| Try it |
Give back each entry word for word, but drop the images.

| Material to process |
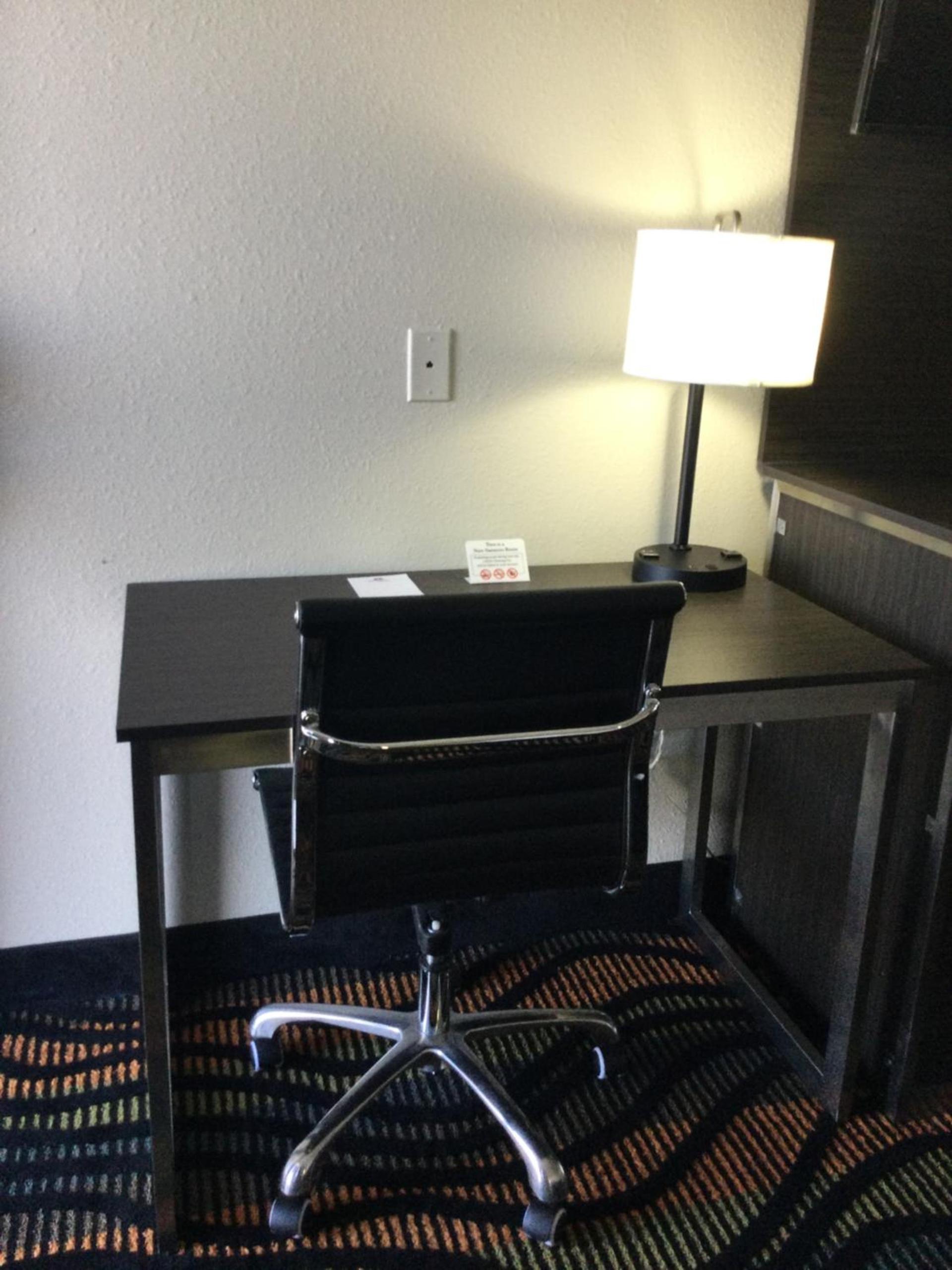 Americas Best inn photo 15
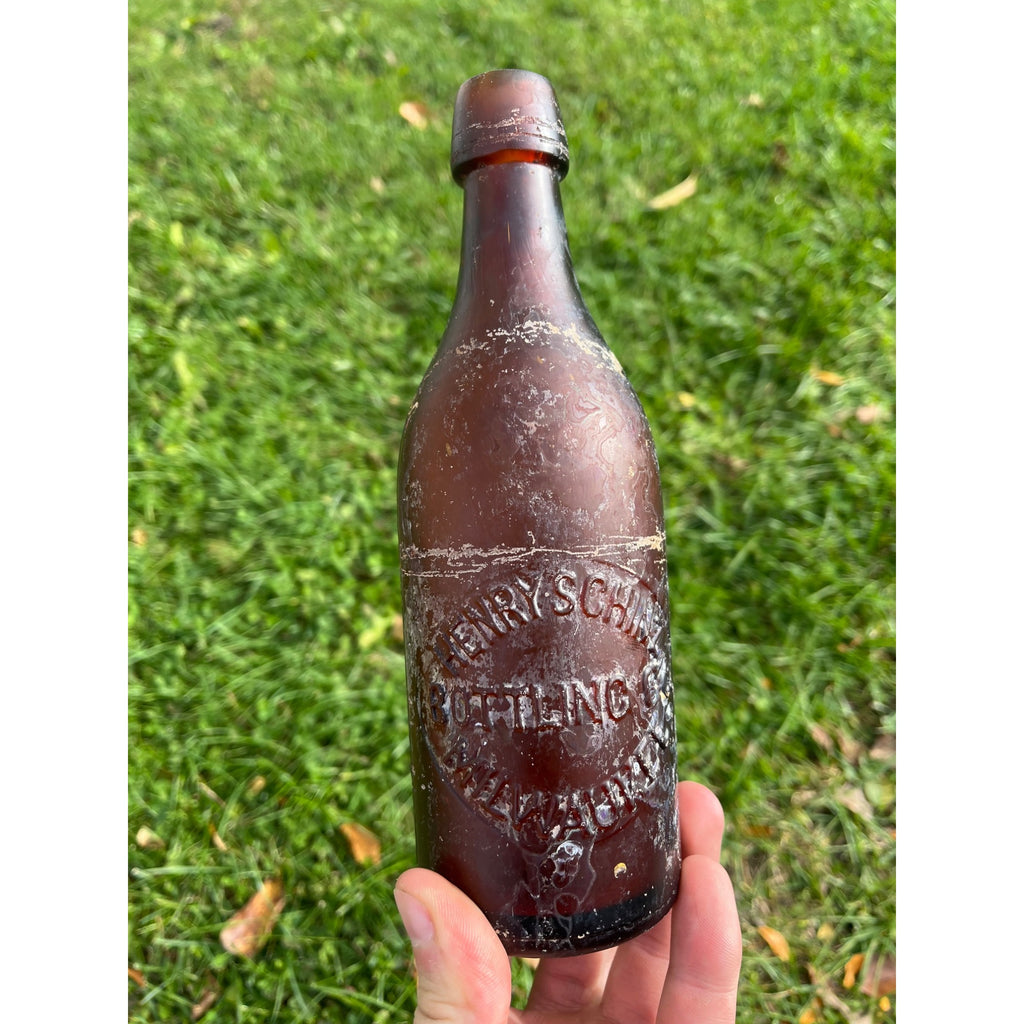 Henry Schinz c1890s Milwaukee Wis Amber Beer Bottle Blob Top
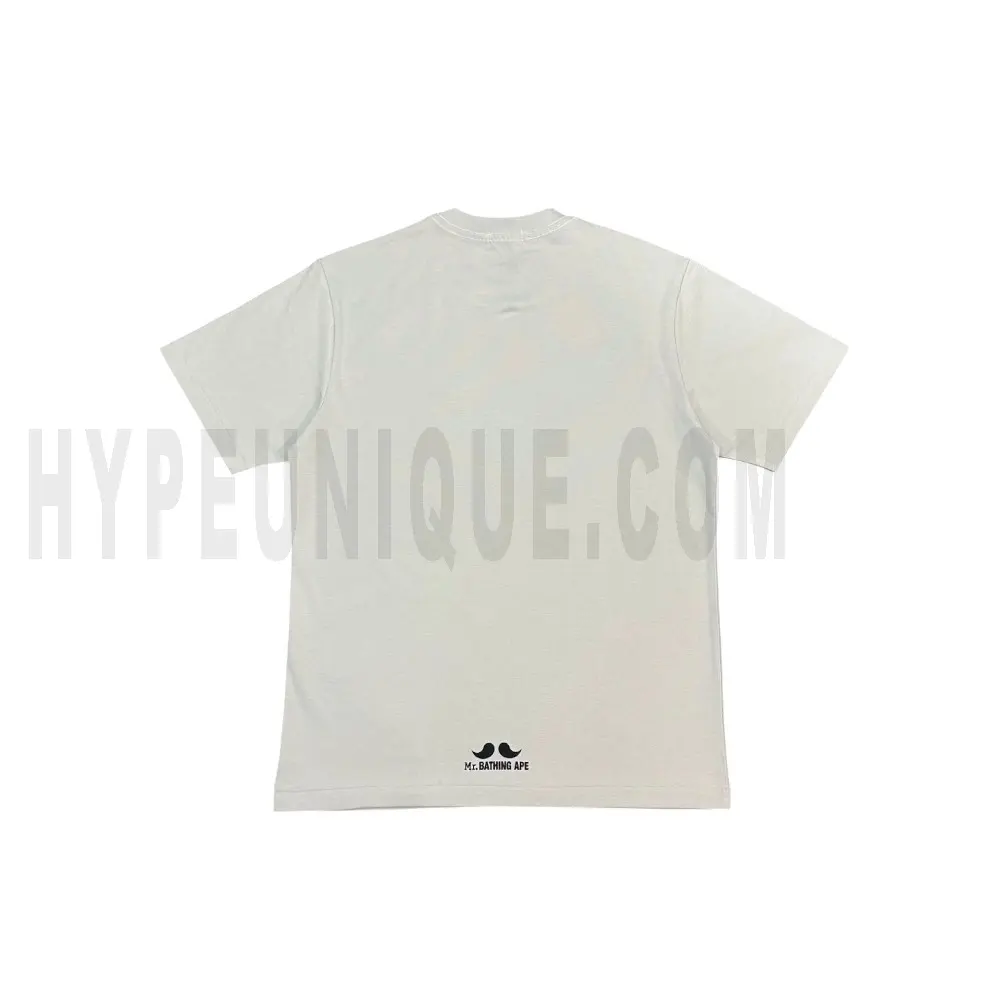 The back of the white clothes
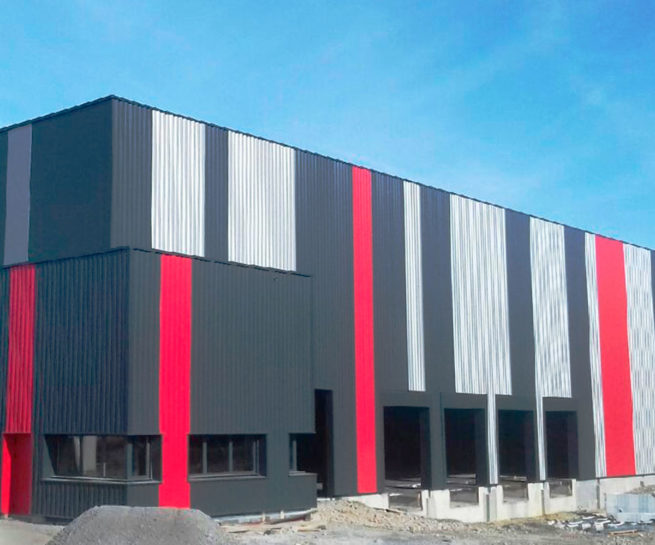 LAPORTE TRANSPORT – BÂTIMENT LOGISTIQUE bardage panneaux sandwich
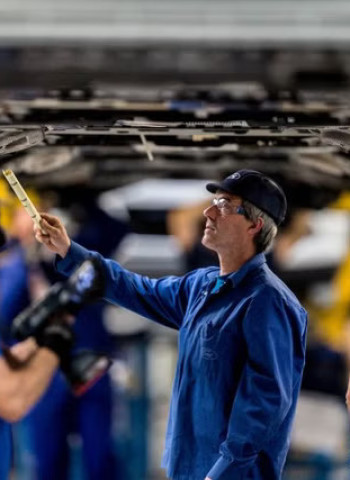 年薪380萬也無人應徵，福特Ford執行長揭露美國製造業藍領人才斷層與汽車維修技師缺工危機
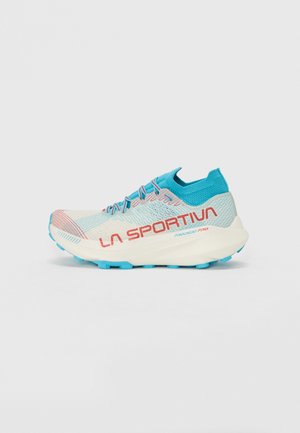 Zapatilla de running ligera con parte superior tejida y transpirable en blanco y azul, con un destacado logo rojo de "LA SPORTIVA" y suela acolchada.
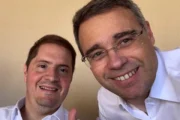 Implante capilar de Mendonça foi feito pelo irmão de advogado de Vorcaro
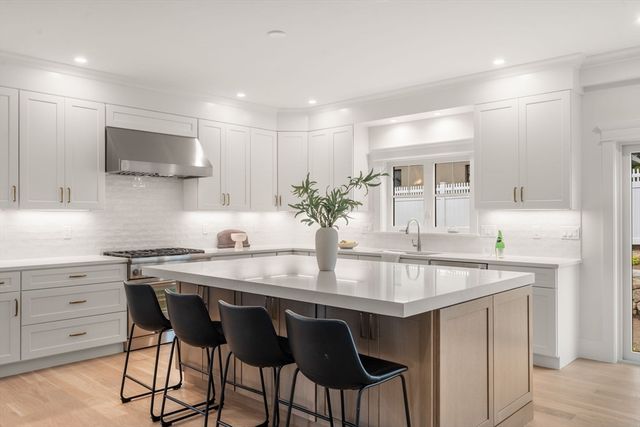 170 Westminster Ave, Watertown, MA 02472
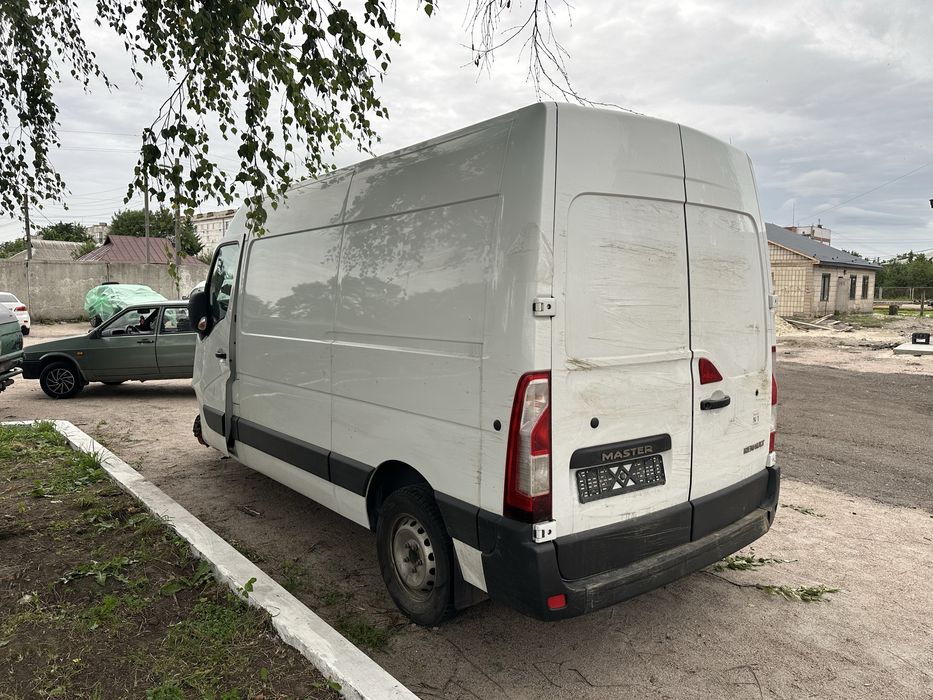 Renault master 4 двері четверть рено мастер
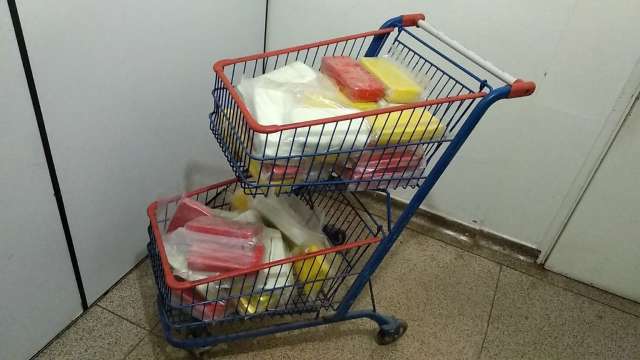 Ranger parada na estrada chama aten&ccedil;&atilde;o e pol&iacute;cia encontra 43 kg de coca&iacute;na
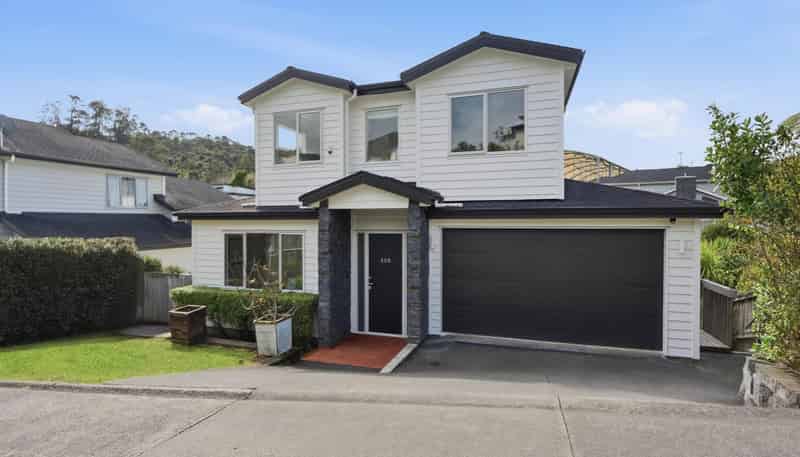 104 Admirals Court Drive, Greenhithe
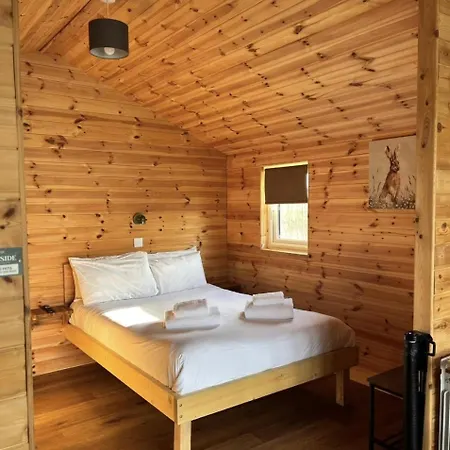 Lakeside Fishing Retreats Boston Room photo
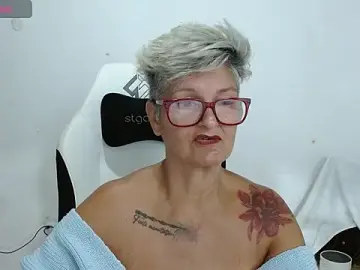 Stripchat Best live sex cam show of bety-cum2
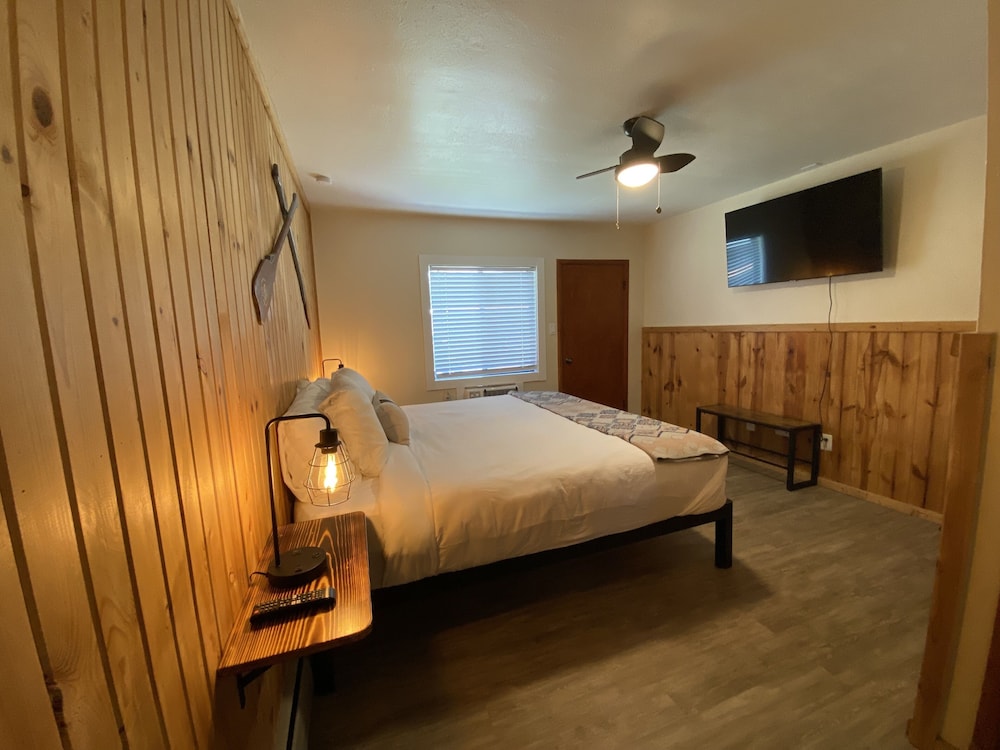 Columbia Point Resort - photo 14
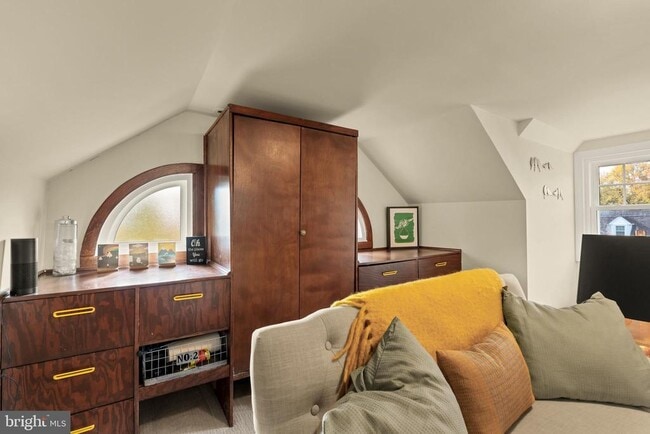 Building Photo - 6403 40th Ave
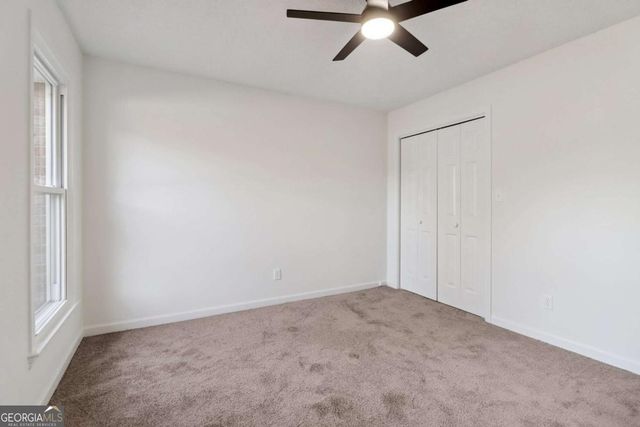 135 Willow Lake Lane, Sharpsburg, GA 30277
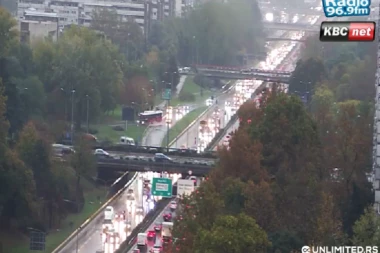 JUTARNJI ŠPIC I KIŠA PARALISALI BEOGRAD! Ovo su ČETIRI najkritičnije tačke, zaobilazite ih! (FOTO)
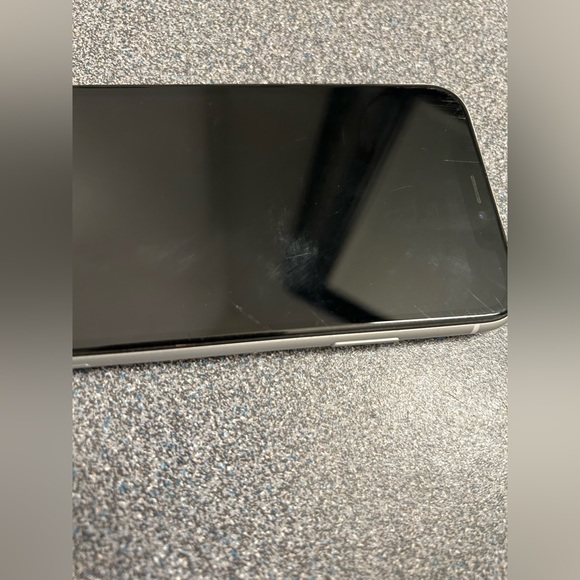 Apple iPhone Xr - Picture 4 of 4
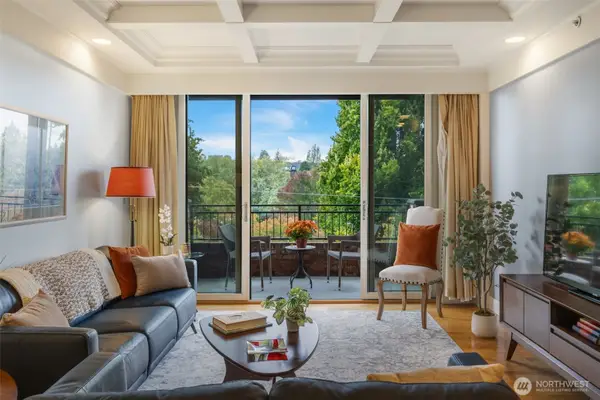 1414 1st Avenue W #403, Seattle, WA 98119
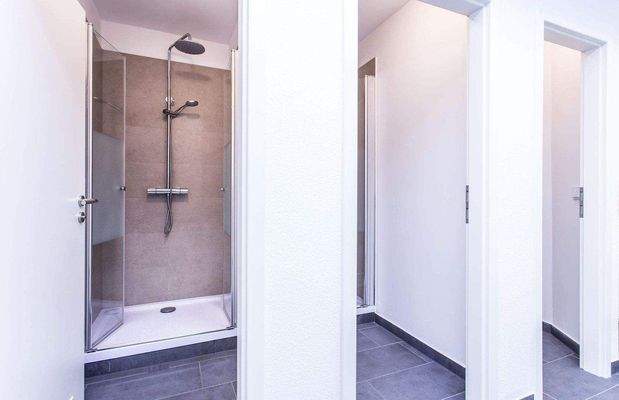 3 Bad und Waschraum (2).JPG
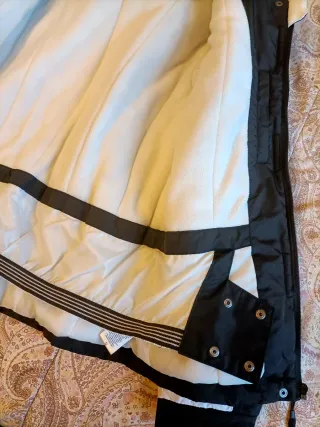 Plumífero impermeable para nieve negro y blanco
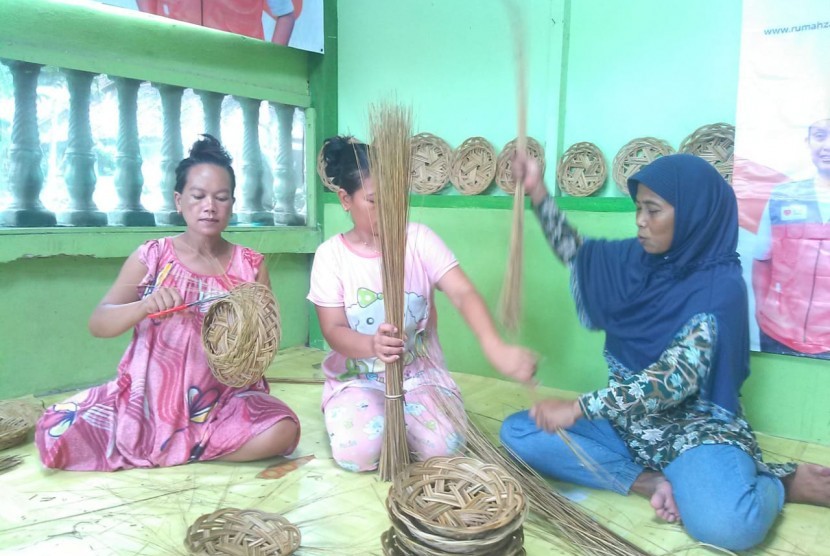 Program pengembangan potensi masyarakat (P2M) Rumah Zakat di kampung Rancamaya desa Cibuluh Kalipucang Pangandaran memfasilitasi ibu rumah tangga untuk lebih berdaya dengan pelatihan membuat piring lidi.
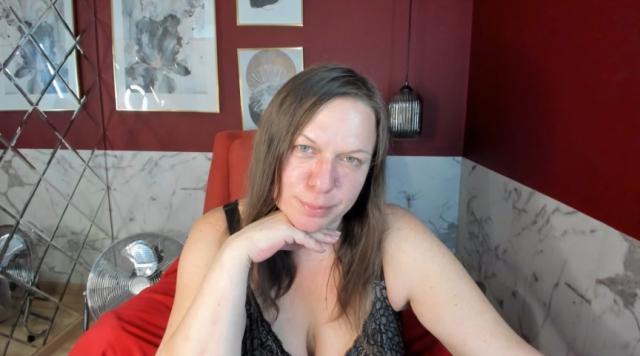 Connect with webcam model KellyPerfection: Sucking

| Answer box |
 Americas Best inn photo 15
 Henry Schinz c1890s Milwaukee Wis Amber Beer Bottle Blob Top
 The back of the white clothes
 LAPORTE TRANSPORT – BÂTIMENT LOGISTIQUE bardage panneaux sandwich
 年薪380萬也無人應徵，福特Ford執行長揭露美國製造業藍領人才斷層與汽車維修技師缺工危機
 Zapatilla de running ligera con parte superior tejida y transpirable en blanco y azul, con un destacado logo rojo de "LA SPORTIVA" y suela acolchada.
 Implante capilar de Mendonça foi feito pelo irmão de advogado de Vorcaro
 170 Westminster Ave, Watertown, MA 02472
 Renault master 4 двері четверть рено мастер
 Ranger parada na estrada chama aten&ccedil;&atilde;o e pol&iacute;cia encontra 43 kg de coca&iacute;na
 104 Admirals Court Drive, Greenhithe
 Lakeside Fishing Retreats Boston Room photo
 Stripchat Best live sex cam show of bety-cum2
 Columbia Point Resort - photo 14
 Building Photo - 6403 40th Ave
 135 Willow Lake Lane, Sharpsburg, GA 30277
 JUTARNJI ŠPIC I KIŠA PARALISALI BEOGRAD! Ovo su ČETIRI najkritičnije tačke, zaobilazite ih! (FOTO)
 Apple iPhone Xr - Picture 4 of 4
 1414 1st Avenue W #403, Seattle, WA 98119
 3 Bad und Waschraum (2).JPG
 Plumífero impermeable para nieve negro y blanco
 Program pengembangan potensi masyarakat (P2M) Rumah Zakat di kampung Rancamaya desa Cibuluh Kalipucang Pangandaran memfasilitasi ibu rumah tangga untuk lebih berdaya dengan pelatihan membuat piring lidi.
 Connect with webcam model KellyPerfection: Sucking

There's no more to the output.